Each entry below is to be extracted exactly.

'''

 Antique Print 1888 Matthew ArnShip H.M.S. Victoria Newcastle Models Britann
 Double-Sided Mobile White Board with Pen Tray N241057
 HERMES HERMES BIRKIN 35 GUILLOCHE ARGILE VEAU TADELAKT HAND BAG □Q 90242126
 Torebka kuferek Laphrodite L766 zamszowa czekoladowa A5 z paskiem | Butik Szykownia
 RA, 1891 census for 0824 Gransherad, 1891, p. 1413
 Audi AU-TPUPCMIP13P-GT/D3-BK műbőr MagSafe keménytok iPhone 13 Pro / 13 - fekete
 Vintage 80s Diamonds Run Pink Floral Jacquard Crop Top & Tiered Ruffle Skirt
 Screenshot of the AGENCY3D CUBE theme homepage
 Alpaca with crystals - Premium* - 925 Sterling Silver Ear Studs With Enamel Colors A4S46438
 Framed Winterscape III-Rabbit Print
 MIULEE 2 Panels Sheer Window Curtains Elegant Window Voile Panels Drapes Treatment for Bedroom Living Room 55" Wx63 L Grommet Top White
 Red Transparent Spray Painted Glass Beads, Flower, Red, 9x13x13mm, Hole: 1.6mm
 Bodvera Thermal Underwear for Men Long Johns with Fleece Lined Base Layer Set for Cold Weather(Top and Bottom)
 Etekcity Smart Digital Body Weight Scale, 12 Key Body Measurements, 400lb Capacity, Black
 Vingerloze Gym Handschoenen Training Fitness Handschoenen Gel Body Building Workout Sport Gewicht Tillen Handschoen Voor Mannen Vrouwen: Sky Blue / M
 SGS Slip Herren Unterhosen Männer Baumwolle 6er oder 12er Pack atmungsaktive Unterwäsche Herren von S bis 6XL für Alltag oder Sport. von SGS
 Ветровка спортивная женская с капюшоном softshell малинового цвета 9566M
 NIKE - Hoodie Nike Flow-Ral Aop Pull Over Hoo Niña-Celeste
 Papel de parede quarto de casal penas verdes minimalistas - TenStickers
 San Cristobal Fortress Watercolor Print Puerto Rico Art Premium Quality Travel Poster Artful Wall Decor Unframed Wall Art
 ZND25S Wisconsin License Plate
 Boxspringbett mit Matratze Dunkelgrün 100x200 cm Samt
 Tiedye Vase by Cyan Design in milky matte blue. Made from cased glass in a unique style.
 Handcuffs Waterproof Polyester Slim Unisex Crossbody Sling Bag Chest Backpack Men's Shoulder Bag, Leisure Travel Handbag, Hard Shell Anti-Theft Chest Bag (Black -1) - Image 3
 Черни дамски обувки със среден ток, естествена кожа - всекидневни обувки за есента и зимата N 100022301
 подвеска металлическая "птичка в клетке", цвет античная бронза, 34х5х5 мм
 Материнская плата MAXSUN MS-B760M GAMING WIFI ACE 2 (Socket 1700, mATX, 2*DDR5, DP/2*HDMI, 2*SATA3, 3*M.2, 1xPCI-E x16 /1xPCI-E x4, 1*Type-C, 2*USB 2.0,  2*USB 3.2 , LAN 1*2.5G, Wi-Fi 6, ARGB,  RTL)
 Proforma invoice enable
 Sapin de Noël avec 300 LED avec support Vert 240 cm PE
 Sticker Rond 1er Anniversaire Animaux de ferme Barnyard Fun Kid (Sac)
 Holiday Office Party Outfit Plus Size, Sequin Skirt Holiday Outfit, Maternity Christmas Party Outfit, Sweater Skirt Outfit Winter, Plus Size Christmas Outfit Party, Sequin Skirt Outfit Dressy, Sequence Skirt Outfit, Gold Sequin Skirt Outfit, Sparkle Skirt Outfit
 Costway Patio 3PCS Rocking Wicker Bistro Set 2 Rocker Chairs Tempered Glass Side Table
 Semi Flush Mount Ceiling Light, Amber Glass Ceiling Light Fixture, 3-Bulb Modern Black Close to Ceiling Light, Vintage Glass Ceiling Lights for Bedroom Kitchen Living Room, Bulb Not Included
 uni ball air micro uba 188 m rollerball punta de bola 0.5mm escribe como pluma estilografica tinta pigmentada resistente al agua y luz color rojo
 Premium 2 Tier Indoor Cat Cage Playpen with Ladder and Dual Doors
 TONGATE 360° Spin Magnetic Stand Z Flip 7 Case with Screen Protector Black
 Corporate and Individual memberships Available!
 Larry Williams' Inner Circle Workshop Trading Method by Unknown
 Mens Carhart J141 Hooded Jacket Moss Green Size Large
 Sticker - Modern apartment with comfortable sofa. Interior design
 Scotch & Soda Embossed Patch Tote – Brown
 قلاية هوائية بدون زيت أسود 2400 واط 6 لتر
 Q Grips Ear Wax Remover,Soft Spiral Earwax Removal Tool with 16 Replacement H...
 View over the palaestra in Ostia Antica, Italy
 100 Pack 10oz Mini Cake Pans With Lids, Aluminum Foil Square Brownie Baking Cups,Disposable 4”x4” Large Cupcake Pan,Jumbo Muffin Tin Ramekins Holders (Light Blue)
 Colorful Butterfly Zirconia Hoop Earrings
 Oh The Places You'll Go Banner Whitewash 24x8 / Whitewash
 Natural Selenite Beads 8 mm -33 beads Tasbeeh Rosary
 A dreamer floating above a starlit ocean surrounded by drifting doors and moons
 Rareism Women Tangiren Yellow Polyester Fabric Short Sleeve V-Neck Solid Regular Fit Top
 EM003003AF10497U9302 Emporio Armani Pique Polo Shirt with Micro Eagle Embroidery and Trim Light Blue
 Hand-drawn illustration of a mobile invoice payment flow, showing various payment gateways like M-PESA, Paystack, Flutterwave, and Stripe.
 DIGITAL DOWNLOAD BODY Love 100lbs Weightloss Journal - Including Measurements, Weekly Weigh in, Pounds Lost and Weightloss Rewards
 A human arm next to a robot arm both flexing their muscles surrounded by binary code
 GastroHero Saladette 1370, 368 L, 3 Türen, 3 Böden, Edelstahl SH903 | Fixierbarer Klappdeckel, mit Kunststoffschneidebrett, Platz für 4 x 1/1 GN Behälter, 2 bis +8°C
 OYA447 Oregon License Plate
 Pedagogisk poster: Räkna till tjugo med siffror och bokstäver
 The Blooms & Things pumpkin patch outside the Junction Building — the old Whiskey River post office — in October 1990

'''

**Response**
 Antique Print 1888 Matthew ArnShip H.M.S. Victoria Newcastle Models Britann
 Double-Sided Mobile White Board with Pen Tray N241057
 HERMES HERMES BIRKIN 35 GUILLOCHE ARGILE VEAU TADELAKT HAND BAG □Q 90242126
 Torebka kuferek Laphrodite L766 zamszowa czekoladowa A5 z paskiem | Butik Szykownia
 RA, 1891 census for 0824 Gransherad, 1891, p. 1413
 Audi AU-TPUPCMIP13P-GT/D3-BK műbőr MagSafe keménytok iPhone 13 Pro / 13 - fekete
 Vintage 80s Diamonds Run Pink Floral Jacquard Crop Top & Tiered Ruffle Skirt
 Screenshot of the AGENCY3D CUBE theme homepage
 Alpaca with crystals - Premium* - 925 Sterling Silver Ear Studs With Enamel Colors A4S46438
 Framed Winterscape III-Rabbit Print
 MIULEE 2 Panels Sheer Window Curtains Elegant Window Voile Panels Drapes Treatment for Bedroom Living Room 55" Wx63 L Grommet Top White
 Red Transparent Spray Painted Glass Beads, Flower, Red, 9x13x13mm, Hole: 1.6mm
 Bodvera Thermal Underwear for Men Long Johns with Fleece Lined Base Layer Set for Cold Weather(Top and Bottom)
 Etekcity Smart Digital Body Weight Scale, 12 Key Body Measurements, 400lb Capacity, Black
 Vingerloze Gym Handschoenen Training Fitness Handschoenen Gel Body Building Workout Sport Gewicht Tillen Handschoen Voor Mannen Vrouwen: Sky Blue / M
 SGS Slip Herren Unterhosen Männer Baumwolle 6er oder 12er Pack atmungsaktive Unterwäsche Herren von S bis 6XL für Alltag oder Sport. von SGS
 Ветровка спортивная женская с капюшоном softshell малинового цвета 9566M
 NIKE - Hoodie Nike Flow-Ral Aop Pull Over Hoo Niña-Celeste
 Papel de parede quarto de casal penas verdes minimalistas - TenStickers
 San Cristobal Fortress Watercolor Print Puerto Rico Art Premium Quality Travel Poster Artful Wall Decor Unframed Wall Art
 ZND25S Wisconsin License Plate
 Boxspringbett mit Matratze Dunkelgrün 100x200 cm Samt
 Tiedye Vase by Cyan Design in milky matte blue. Made from cased glass in a unique style.
 Handcuffs Waterproof Polyester Slim Unisex Crossbody Sling Bag Chest Backpack Men's Shoulder Bag, Leisure Travel Handbag, Hard Shell Anti-Theft Chest Bag (Black -1) - Image 3
 Черни дамски обувки със среден ток, естествена кожа - всекидневни обувки за есента и зимата N 100022301
 подвеска металлическая "птичка в клетке", цвет античная бронза, 34х5х5 мм
 Материнская плата MAXSUN MS-B760M GAMING WIFI ACE 2 (Socket 1700, mATX, 2*DDR5, DP/2*HDMI, 2*SATA3, 3*M.2, 1xPCI-E x16 /1xPCI-E x4, 1*Type-C, 2*USB 2.0,  2*USB 3.2 , LAN 1*2.5G, Wi-Fi 6, ARGB,  RTL)
 Proforma invoice enable
 Sapin de Noël avec 300 LED avec support Vert 240 cm PE
 Sticker Rond 1er Anniversaire Animaux de ferme Barnyard Fun Kid (Sac)
 Holiday Office Party Outfit Plus Size, Sequin Skirt Holiday Outfit, Maternity Christmas Party Outfit, Sweater Skirt Outfit Winter, Plus Size Christmas Outfit Party, Sequin Skirt Outfit Dressy, Sequence Skirt Outfit, Gold Sequin Skirt Outfit, Sparkle Skirt Outfit
 Costway Patio 3PCS Rocking Wicker Bistro Set 2 Rocker Chairs Tempered Glass Side Table
 Semi Flush Mount Ceiling Light, Amber Glass Ceiling Light Fixture, 3-Bulb Modern Black Close to Ceiling Light, Vintage Glass Ceiling Lights for Bedroom Kitchen Living Room, Bulb Not Included
 uni ball air micro uba 188 m rollerball punta de bola 0.5mm escribe como pluma estilografica tinta pigmentada resistente al agua y luz color rojo
 Premium 2 Tier Indoor Cat Cage Playpen with Ladder and Dual Doors
 TONGATE 360° Spin Magnetic Stand Z Flip 7 Case with Screen Protector Black
 Corporate and Individual memberships Available!
 Larry Williams' Inner Circle Workshop Trading Method by Unknown
 Mens Carhart J141 Hooded Jacket Moss Green Size Large
 Sticker - Modern apartment with comfortable sofa. Interior design
 Scotch & Soda Embossed Patch Tote – Brown
 قلاية هوائية بدون زيت أسود 2400 واط 6 لتر
 Q Grips Ear Wax Remover,Soft Spiral Earwax Removal Tool with 16 Replacement H...
 View over the palaestra in Ostia Antica, Italy
 100 Pack 10oz Mini Cake Pans With Lids, Aluminum Foil Square Brownie Baking Cups,Disposable 4”x4” Large Cupcake Pan,Jumbo Muffin Tin Ramekins Holders (Light Blue)
 Colorful Butterfly Zirconia Hoop Earrings
 Oh The Places You'll Go Banner Whitewash 24x8 / Whitewash
 Natural Selenite Beads 8 mm -33 beads Tasbeeh Rosary
 A dreamer floating above a starlit ocean surrounded by drifting doors and moons
 Rareism Women Tangiren Yellow Polyester Fabric Short Sleeve V-Neck Solid Regular Fit Top
 EM003003AF10497U9302 Emporio Armani Pique Polo Shirt with Micro Eagle Embroidery and Trim Light Blue
 Hand-drawn illustration of a mobile invoice payment flow, showing various payment gateways like M-PESA, Paystack, Flutterwave, and Stripe.
 DIGITAL DOWNLOAD BODY Love 100lbs Weightloss Journal - Including Measurements, Weekly Weigh in, Pounds Lost and Weightloss Rewards
 A human arm next to a robot arm both flexing their muscles surrounded by binary code
 GastroHero Saladette 1370, 368 L, 3 Türen, 3 Böden, Edelstahl SH903 | Fixierbarer Klappdeckel, mit Kunststoffschneidebrett, Platz für 4 x 1/1 GN Behälter, 2 bis +8°C
 OYA447 Oregon License Plate
 Pedagogisk poster: Räkna till tjugo med siffror och bokstäver
 The Blooms & Things pumpkin patch outside the Junction Building — the old Whiskey River post office — in October 1990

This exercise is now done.